Gara-Gara Ini, Pemerintah Prancis Pantau Ketat Unggas di Negaranya

Ilustrasi peternakan unggas. (Pixabay/Xuân Tuấn Anh Đặng)  

Editor: M Kautsar - Rabu, 1 Desember 2021 | 11:45 WIB

Sariagri - Pemerintah Prancis mengumumkan bahwa pihaknya telah mendeteksi adanya jenis flu burung yang sangat patogen di salah satu peternakan unggas di dekat perbatasan Belgia, sebagaimana diberitakan politico. 

Kasus ini merupakan pertama kalinya sejak wabah flu burung ditemukan di sebuah peternakan Prancis pada musim dingin lalu.

Kementerian Pertanian Prancis mengatakan bahwa empat kasus ditemukan di antara satwa liar dan tiga kasus dialami oleh unggas peliharaan.

Badan Makanan, Lingkungan, dan Kesehatan serta Keselamatan Kerja Prancis tengah menganalisis virus tersebut. Semua unggas di peternakan yang terkena dampak di kota barat laut Warhem akan dimusnahkan.

Sementara perimeter pengawasan sepanjang 10 kilometer telah dipasang dan seluruh pergerakan unggas dilarang di daerah tersebut.

Para peternak unggas harus mampu menjaga kandang ternak mereka dengan baik. Selain itu, pertunjukan dan pasar unggas pun dilarang buka.

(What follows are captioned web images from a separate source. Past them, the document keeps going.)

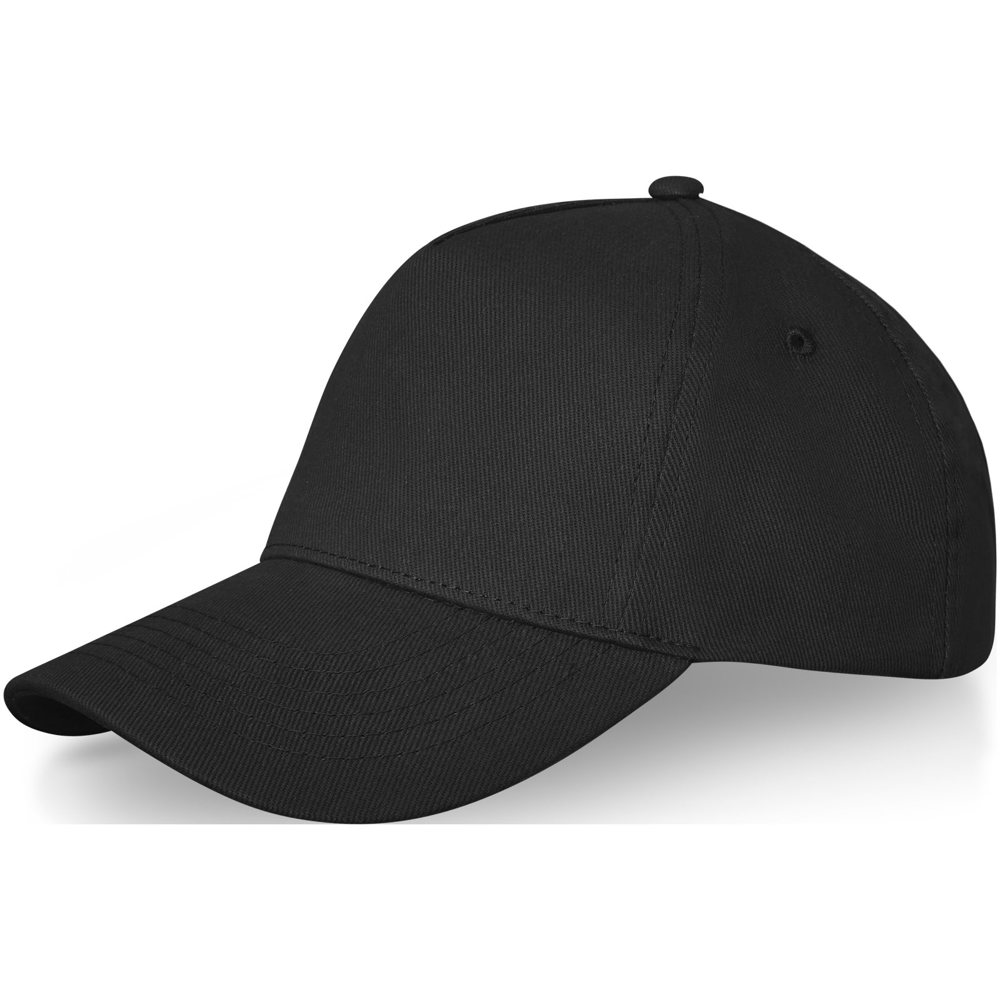 Cappellino Doyle a 5 pannelli - Nero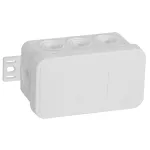 Puszka n/t CLICK IP54 8 przepustów kablowych 80x45x41mm biały 100 szt.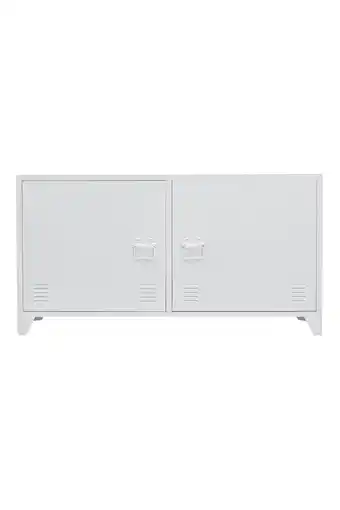 Tesco Living and Home Metal File Cabinet with Shelves for Home and Office offer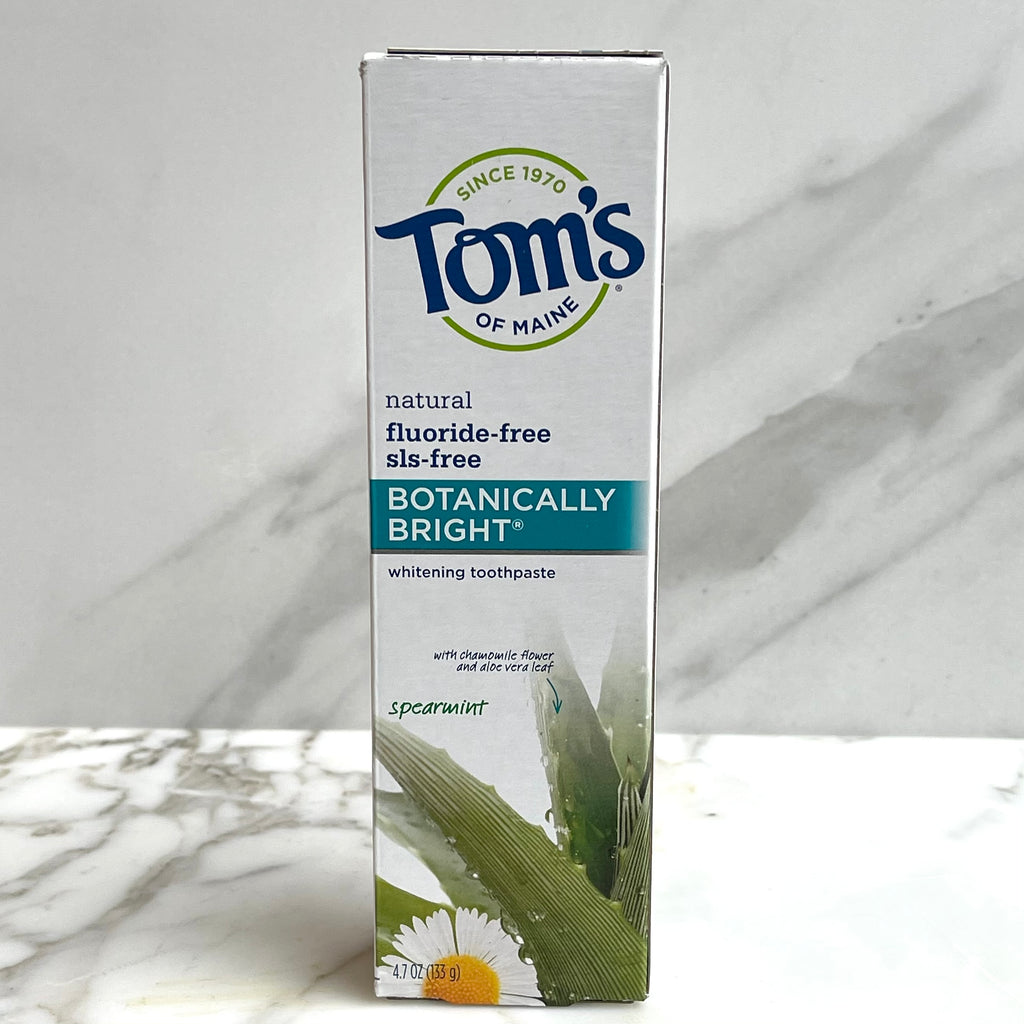 Tom's of Maine - Botanically Bright Toothpaste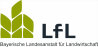Logo der LfL, Ähren in grün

Baca Juga: Gara-Gara Ini, Pemerintah Prancis Pantau Ketat Unggas di Negaranya
Demam Babi Afrika Rugikan Industri Pertanian Negara Ini

Badan Federal Belgia untuk Keamanan Rantai Makanan juga telah menerapkan langkah-langkah pengamanan di dekat perbatasan Prancis, seperti di kota De Panne, Veurne, Alveringem, dan Poperinge. 

Organisasi Kesehatan Dunia (WHO) menyebut konsumsi daging unggas aman jika dimasak dengan benar. Alasannya,  virus flu burung sangat sensitif terhadap panas. Oleh sebab itu, makanan harus dimasak hingga mencapai suhu 70 derajat Celcius di semua bagian.